El nuevo discurso es una apuesta clara por las políticas distributivas: el incremento de las pensiones más bajas, la subida del salario mínimo u otras medidas enfocadas a paliar la pobreza infantil o el impulso de la igualdad de oportunidades. Representa, en suma, una enmienda a la totalidad al último de los grandes programas del SPD, lanzado hace ahora tres décadas: la llamada Agenda 2010 del excanciller Gerhard Schröder, que marcó el inicio del declive de la formación.
Formar parte de la coalición de Gobierno con Merkel ha sido un ejemplar ejercicio de sentido de Estado de la formación socialdemócrata, que no ha dudado en anteponer la estabilidad de Alemania al rédito electoral cortoplacista, pero indudablemente, ha supuesto un gran desgaste. Ahora, la recuperación de su identidad y su voluntad de volver a ser una alternativa de Gobierno —en un momento en el que el populismo gana terreno entre la opinión pública—, es, sin duda, una buena noticia no solo para el sistema democrático alemán, sino para toda Europa. El SPD es el partido más importante de la socialdemocracia europea y lo ha sido históricamente porque todos los proyectos políticos salidos de su maquinaria ideológica —desde el lejano programa de Erfurt (1891) hasta el giro posmarxista del Congreso de Bad Godesberg (1959)—, han significado la puesta en marcha de estrategias con capacidad de irradiación hacia el resto de los demás partidos de la misma tendencia en todo el continente.

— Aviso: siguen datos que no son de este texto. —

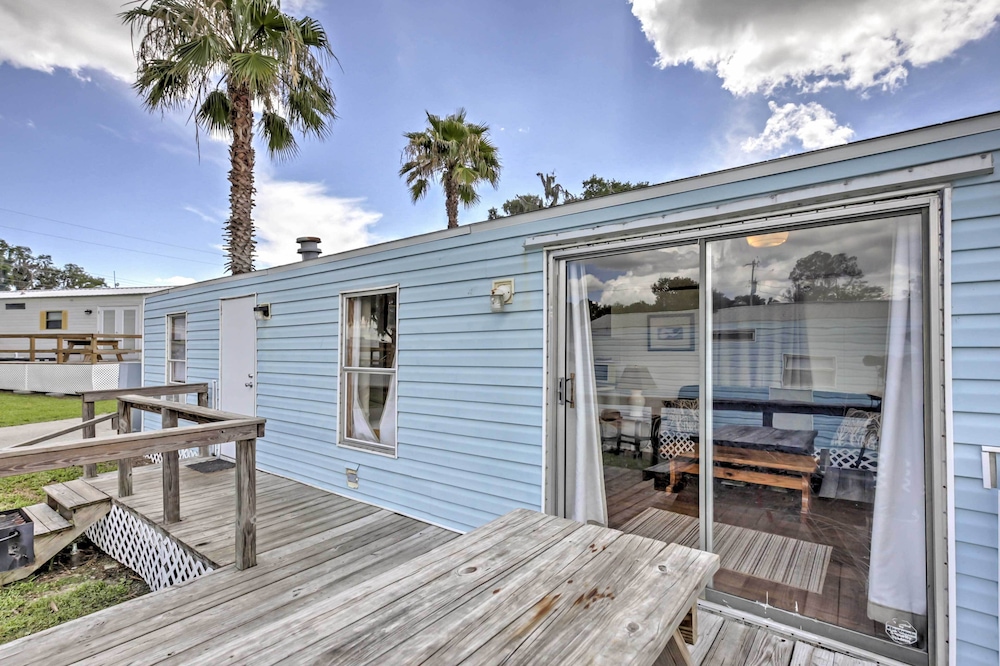 Charming Lakefront Cabin in Ocala National Forest! view 3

Este movimiento no responde a una situación meramente coyuntural alemana, sino que está sucediendo lo mismo en otros países europeos. Los partidos históricos no son inmunes a los cambios en los sistemas políticos que han sido provocados por la irrupción de la ultraderecha. Estas últimas son capaces de intoxicar el debate público y de marcar la agenda de temas a sus adversarios. Todavía no se ha encontrado la fórmula que evite que las fuerzas ultras resulten determinantes en la conformación de Gobiernos sin el recurso a los cordones sanitarios o a las coaliciones de gobierno. Estas últimas, de hecho —y como ha sucedido en Alemania—, acaban difuminando el contraste entre los partidos tradicionales. Esta diferencia es necesaria porque ayuda a decidir el voto, a mantener el debate público en unos cauces civilizados y a facilitar verdaderas alternancias políticas.
La recuperación de su perfil genuino por parte del SPD, lejos de generar inestabilidad, tendrá un efecto beneficioso en la política alemana, reintroduciendo el debate sobre la multilateralidad como seña de identidad de la política internacional, la igualdad o el humanismo. Los votantes tienen que saber qué opciones se les presentan y los grandes partidos que han contribuido decisivamente al progreso común tienen la obligación de perfilar programas propios, coherentes con su legado.